Mas o que interessa no caso não é saber se a deriva do sistema
atmosférico que resultou na presença de um grande centro de alta pressão
(ar seco que desce e dificulta a entrada de frentes frias que geram a
precipitação) no Sudeste brasileiro está associada às mudanças
climáticas ou à variação normal do clima. O que interessa notar é que
isso aconteceu, está acontecendo e pode voltar a acontecer. E, nos dois
lados dessa controvérsia, esses eventos cabem.
Outro fato importantíssimo a se notar diante da estiagem é que o
Brasil, em todas as escalas do seu Estado, não tem mecanismos nem
recursos suficientes para lidar com estiagens.
Por tudo isso cabe um comentário sobre a transposição das águas do São
Francisco, projeto elaborado, e em andamento, sob a responsabilidade da
federação, especificamente do Ministério da Integração Nacional. Vale
lembrar que, pela extensão de sua bacia e de seu percurso linear, o São
Francisco era chamado de o rio da integração nacional. Com esse projeto
exige-se mais do rio e pretende-se que ele integre ainda mais. A obra
prevê a construção de mais de 700 quilômetros de canais de concreto em
dois grandes eixos (norte e leste) ao longo do território de quatro
estados (Pernambuco, Paraíba, Ceará e Rio Grande do Norte) para o desvio
de suas águas.
Embora outras transposições de rios tenham sido feitas no mundo, isso
não garante o sucesso no caso do São Francisco, até porque nem todas
foram bem-sucedidas. Uma obra desse porte exige estudos múltiplos e
muito detalhados. Obriga que se reflita sobre todas as novas interações
que vão se estabelecer, visto que estamos diante de uma intervenção
complexa. Por essa razão, longos estudos de impacto ambiental foram
realizados, com listagem e demonstrações exaustivas de cada um deles.
Embora os autores do relatório tenham se preocupado em classificar esses
impactos em positivos e negativos, a verdade é que eles são
controversos.
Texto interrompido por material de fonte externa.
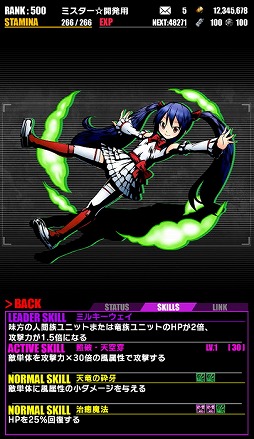 ꡼ No.010 | ֥ǥХ󥲡ȡסե꡼ƥȺƤӥܡɥ饴եʥĤо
A começar pelo principal dos impactos positivos referente
ao benefício direto que a água traria para oSemiárido. Parte dos
críticos diz que o prejuízo para as áreas de onde a água está saindo
seria maior que os benefícios obtidos para onde a água estaria indo.
Outro aspecto digno de reflexão é a enorme lista dos impactos, que se
deve, em primeiro lugar, ao relatório cuidadoso que procurou contemplar
tudo o que está ao alcance do nosso repertório sobre intervenções desse
tipo. Duas coisas, porém, devem ser assinaladas: esse repertório tem um
perfil técnico, o que é uma limitação visível; por outro lado, mesmo
considerando só o ponto de vista técnico, quem garante que estamos
diante de um repertório suficiente? Por fim, vale refletir se a grande
lista de impactos não está nos revelando que as variáveis envolvidas são
muitas e, quanto maior a escala geográfica da intervenção, mais as
variáveis vão se acumulando em progressão geométrica. Ou seja, quanto
maior a lista de impactos, maior será a dificuldade de controle e maior a
imprevisibilidade da empreitada.
Para finalizar, como fica a transposição num quadro inédito de
estiagem, quando os próprios reservatórios que já existiam para dar
segurança hídrica ao rio, e que foram usados na concepção do projeto da
transposição, também estão se esgotando? Pensar na transposição das
águas do São Francisco é dar-lhe novo papel e nova escala de ação nos
espaços produzidos pelo homem, é repactuar o uso das águas. A estiagem
atual no Sudeste brasileiro e o modo como esse rio está sofrendo talvez
estejam nos dizendo que o pacto dessas águas tem de ser outro.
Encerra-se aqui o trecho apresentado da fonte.